My take of what each number should mean:
Major: Huge architectural changes or userspace stable API breakage. So 2->3 would mean something like, Fedora 15 would not even run correctly on Linux 3.0. This is what the kernel *currently* uses the minor number for. Evidence: Try running Linux 2.4.x on a reasonably modern distro. Hardware support aside, I don't think you would be successful in any capacity because so many features depend on 2.6 functionality. In fact, some features depend on at least a certain micro version of 2.6, like 2.6.8 or 2.6.18. And then some filesystems (ext4) didn't even exist in 2.4, and they've never (AFAIK) been backported.
Minor: Stable releases representing significant feature development, but evolutionary. This is what the kernel *currently* uses the micro number for.
Micro: Bugfix-only maintenance of a minor release. This is what the current *currently* uses the nano number for.

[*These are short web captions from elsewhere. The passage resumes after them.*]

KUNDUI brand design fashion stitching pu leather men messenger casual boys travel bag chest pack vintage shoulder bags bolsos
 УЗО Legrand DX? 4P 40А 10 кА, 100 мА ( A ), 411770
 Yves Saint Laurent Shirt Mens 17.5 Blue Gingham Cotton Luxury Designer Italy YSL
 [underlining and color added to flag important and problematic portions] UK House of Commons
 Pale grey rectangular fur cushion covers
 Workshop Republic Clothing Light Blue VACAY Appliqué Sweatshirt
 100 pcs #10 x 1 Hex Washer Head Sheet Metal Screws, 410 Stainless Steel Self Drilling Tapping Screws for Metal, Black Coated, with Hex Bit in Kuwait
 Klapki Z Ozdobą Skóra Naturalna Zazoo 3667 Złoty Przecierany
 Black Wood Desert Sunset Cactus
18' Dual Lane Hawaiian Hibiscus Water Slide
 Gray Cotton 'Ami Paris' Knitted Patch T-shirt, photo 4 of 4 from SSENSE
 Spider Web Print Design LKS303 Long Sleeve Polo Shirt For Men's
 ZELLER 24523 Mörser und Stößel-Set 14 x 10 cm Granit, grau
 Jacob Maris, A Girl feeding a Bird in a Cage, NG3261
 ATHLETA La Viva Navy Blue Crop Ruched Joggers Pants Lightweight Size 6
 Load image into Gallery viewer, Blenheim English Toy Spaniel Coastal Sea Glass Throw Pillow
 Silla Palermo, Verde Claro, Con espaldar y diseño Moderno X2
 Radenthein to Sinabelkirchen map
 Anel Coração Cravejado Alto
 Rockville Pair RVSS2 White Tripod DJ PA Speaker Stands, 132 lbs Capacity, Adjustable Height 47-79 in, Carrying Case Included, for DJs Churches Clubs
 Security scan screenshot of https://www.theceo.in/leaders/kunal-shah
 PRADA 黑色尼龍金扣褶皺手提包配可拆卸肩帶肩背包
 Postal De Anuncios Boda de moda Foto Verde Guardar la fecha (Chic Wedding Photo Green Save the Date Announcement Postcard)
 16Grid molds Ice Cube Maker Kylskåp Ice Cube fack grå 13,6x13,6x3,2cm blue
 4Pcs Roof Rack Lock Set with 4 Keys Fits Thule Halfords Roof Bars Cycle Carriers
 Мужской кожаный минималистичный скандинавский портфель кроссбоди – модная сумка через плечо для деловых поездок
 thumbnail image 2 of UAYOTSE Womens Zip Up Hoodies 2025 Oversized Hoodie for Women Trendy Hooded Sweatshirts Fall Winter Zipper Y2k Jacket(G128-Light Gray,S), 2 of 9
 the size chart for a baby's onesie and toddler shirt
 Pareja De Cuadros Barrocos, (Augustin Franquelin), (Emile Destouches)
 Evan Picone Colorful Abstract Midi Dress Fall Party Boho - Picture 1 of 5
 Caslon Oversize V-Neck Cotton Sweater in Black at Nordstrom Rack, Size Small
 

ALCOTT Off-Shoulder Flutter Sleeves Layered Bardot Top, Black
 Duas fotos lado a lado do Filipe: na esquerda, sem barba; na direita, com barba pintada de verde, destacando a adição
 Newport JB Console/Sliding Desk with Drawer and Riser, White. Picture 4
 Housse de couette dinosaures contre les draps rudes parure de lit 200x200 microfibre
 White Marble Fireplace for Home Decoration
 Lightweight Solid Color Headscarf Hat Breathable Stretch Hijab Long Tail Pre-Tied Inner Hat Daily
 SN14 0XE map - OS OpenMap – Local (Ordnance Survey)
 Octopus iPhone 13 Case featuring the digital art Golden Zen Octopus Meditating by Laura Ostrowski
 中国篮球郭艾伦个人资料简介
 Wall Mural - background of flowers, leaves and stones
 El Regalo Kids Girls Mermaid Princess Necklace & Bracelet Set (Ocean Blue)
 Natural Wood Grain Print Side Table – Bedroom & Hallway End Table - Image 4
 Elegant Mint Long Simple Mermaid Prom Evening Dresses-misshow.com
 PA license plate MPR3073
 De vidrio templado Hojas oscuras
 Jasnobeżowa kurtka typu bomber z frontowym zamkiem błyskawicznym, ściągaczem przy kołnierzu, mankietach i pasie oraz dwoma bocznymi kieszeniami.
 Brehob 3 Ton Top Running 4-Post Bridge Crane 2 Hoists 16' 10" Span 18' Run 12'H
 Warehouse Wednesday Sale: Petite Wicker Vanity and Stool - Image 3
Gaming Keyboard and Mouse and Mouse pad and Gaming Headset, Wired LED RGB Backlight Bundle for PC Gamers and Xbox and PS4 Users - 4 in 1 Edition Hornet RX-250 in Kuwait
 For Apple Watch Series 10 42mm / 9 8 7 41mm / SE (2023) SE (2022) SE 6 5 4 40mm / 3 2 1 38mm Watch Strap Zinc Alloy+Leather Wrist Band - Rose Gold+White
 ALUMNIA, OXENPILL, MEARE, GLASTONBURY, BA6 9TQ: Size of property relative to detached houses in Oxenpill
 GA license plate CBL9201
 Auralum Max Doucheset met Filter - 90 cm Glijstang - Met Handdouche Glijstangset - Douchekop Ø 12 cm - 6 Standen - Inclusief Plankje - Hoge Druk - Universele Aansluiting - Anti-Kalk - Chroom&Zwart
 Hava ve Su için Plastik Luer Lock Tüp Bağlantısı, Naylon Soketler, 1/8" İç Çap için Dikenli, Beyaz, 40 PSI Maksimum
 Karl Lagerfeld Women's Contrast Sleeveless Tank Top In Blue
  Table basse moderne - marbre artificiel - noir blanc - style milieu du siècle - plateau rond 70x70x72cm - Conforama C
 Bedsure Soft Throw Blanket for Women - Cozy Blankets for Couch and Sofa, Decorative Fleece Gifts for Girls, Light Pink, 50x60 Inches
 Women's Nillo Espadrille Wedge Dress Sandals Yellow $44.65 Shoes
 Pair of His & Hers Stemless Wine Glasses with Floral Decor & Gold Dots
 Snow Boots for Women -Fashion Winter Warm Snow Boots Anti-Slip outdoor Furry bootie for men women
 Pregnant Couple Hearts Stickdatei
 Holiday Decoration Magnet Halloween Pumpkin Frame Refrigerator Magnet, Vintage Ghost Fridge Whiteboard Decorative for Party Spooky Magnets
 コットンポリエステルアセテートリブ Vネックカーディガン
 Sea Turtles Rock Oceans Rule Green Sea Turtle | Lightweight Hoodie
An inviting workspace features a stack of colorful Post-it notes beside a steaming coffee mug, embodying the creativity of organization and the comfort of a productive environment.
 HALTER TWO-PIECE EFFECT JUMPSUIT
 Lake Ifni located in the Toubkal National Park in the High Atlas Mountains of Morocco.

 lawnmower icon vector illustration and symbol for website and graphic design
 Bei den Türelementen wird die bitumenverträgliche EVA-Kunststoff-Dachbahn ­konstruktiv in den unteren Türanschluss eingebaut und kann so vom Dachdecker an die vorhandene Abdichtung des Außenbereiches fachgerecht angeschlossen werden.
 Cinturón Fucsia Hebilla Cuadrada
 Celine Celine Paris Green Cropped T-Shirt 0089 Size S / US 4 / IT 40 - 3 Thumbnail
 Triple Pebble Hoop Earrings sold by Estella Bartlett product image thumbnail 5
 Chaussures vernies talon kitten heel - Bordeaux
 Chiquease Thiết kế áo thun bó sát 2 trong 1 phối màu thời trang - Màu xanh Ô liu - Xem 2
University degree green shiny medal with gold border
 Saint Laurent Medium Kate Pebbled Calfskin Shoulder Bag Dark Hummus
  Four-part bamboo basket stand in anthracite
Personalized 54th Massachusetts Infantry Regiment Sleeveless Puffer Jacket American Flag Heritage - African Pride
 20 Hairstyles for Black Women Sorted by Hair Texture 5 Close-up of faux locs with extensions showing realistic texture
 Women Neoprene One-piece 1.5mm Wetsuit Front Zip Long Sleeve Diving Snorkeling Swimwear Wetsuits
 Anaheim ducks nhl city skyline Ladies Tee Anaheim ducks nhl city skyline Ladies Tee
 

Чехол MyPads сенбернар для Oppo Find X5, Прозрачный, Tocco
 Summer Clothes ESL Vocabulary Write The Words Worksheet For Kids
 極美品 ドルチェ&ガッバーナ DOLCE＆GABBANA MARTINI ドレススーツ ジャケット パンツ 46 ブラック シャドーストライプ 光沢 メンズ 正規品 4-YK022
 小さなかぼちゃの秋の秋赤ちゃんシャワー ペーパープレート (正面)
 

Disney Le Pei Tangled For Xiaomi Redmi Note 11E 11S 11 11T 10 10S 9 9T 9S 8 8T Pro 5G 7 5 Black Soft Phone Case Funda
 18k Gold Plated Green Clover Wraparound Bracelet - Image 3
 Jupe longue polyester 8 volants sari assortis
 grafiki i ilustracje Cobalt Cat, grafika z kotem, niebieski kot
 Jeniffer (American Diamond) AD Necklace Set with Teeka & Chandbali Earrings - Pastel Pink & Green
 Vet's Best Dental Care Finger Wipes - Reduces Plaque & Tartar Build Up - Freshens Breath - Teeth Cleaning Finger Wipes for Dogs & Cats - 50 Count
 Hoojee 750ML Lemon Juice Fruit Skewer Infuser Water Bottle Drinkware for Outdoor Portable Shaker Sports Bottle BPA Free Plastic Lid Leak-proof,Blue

Nano: Distros that have their own patch series should use the nano number, followed by the distro name. Making this somewhat standard would help with version tracking. And no, I absolutely hate the dash that all the distros tend to put after the micro number as it stands. Don't write "2.6.32-78-ubuntu1"; write "126.96.36.199ubuntu" (that would be the third-generation kernel, the first significant evolutionary release, the second maintenance release of 3.1, and the 78th patch release of said kernel by the Ubuntu kernel team. If the kernel team insists on keeping the same patch release and making a patch or fix to the patch (or to the package build), just tack on a number after the distro name, as most distros currently do.